Information:

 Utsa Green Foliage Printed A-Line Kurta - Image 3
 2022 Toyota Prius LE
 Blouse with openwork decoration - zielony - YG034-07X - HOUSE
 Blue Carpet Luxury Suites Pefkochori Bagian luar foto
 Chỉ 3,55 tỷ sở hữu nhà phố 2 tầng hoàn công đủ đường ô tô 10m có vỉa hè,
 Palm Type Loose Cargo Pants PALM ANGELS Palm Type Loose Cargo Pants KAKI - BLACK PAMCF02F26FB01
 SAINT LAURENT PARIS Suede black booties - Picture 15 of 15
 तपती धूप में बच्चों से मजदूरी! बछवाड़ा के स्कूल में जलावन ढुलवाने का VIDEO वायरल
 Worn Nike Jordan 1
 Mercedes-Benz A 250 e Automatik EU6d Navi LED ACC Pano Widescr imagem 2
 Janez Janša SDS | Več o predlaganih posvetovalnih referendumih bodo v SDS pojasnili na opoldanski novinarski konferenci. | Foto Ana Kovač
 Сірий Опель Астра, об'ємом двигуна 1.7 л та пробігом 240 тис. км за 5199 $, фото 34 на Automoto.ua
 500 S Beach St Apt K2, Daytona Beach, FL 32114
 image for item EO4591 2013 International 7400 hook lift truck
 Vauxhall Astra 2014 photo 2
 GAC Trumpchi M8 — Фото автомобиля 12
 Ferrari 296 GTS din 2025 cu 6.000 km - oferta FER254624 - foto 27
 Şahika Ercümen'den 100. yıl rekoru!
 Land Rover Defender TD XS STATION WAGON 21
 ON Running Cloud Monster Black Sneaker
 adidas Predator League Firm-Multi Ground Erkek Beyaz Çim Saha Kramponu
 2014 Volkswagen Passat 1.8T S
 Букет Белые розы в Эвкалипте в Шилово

What this task involves: Quote only the lines from the line containing "Janez Janša SDS" through the end of the entries, keeping the first and the last.

Solution for this task:
 Janez Janša SDS | Več o predlaganih posvetovalnih referendumih bodo v SDS pojasnili na opoldanski novinarski konferenci. | Foto Ana Kovač
 Сірий Опель Астра, об'ємом двигуна 1.7 л та пробігом 240 тис. км за 5199 $, фото 34 на Automoto.ua
 500 S Beach St Apt K2, Daytona Beach, FL 32114
 image for item EO4591 2013 International 7400 hook lift truck
 Vauxhall Astra 2014 photo 2
 GAC Trumpchi M8 — Фото автомобиля 12
 Ferrari 296 GTS din 2025 cu 6.000 km - oferta FER254624 - foto 27
 Şahika Ercümen'den 100. yıl rekoru!
 Land Rover Defender TD XS STATION WAGON 21
 ON Running Cloud Monster Black Sneaker
 adidas Predator League Firm-Multi Ground Erkek Beyaz Çim Saha Kramponu
 2014 Volkswagen Passat 1.8T S
 Букет Белые розы в Эвкалипте в Шилово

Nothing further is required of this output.